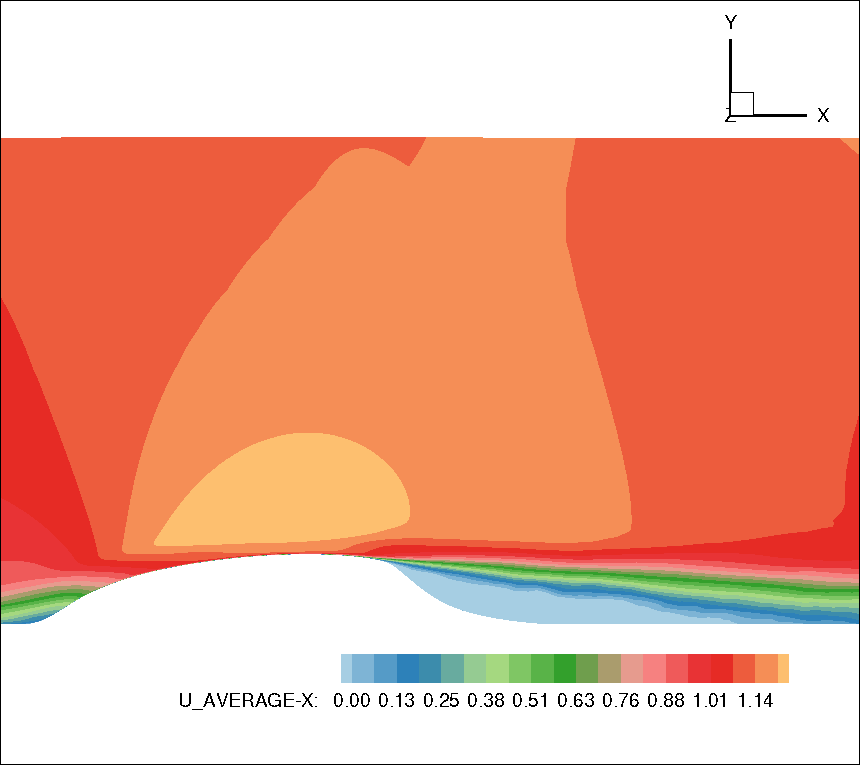 Figure 15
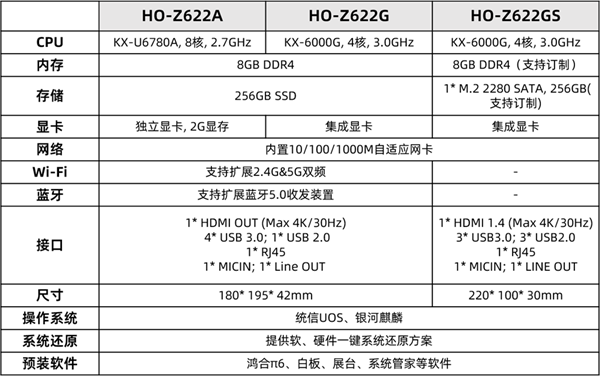 兆芯CPU走入智慧黑板：4K 86英寸着实爽 第6张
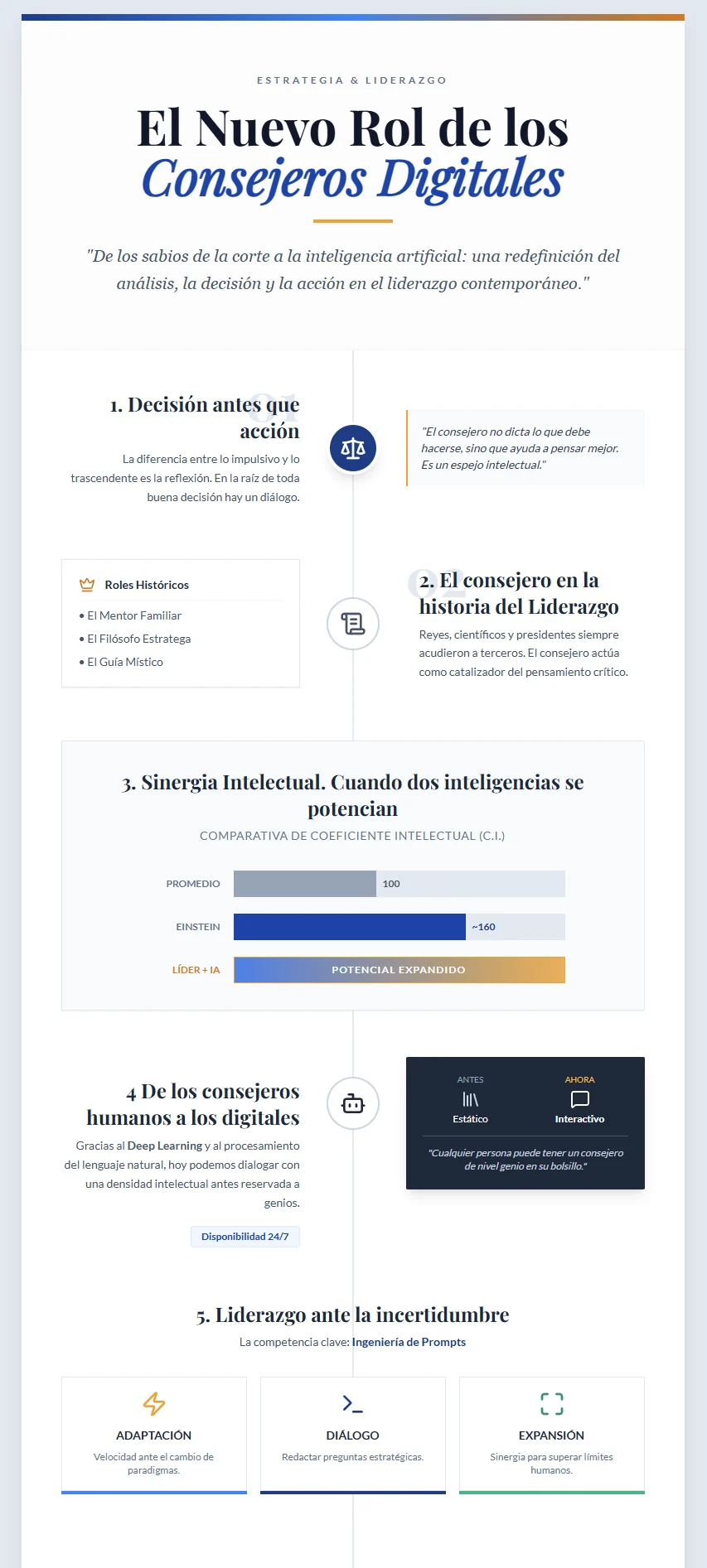 First part of the infographic on digital advisers: decisions, historical advisers, intellectual synergy and leadership.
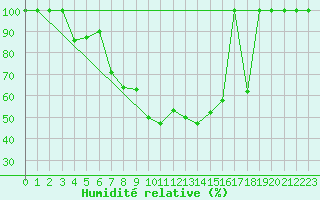 Courbe de l'humidit relative pour La Molina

WORK TO BE COMPLETED>
Take the lines from the one that contains "兆芯CPU走入智慧黑板：4K 86英寸着实爽 第6张" down to the last line of the listing above, both included, and set them down exactly, leaving out pictures.

ANSWER SECTION>
 兆芯CPU走入智慧黑板：4K 86英寸着实爽 第6张
 First part of the infographic on digital advisers: decisions, historical advisers, intellectual synergy and leadership.
 Courbe de l'humidit relative pour La Molina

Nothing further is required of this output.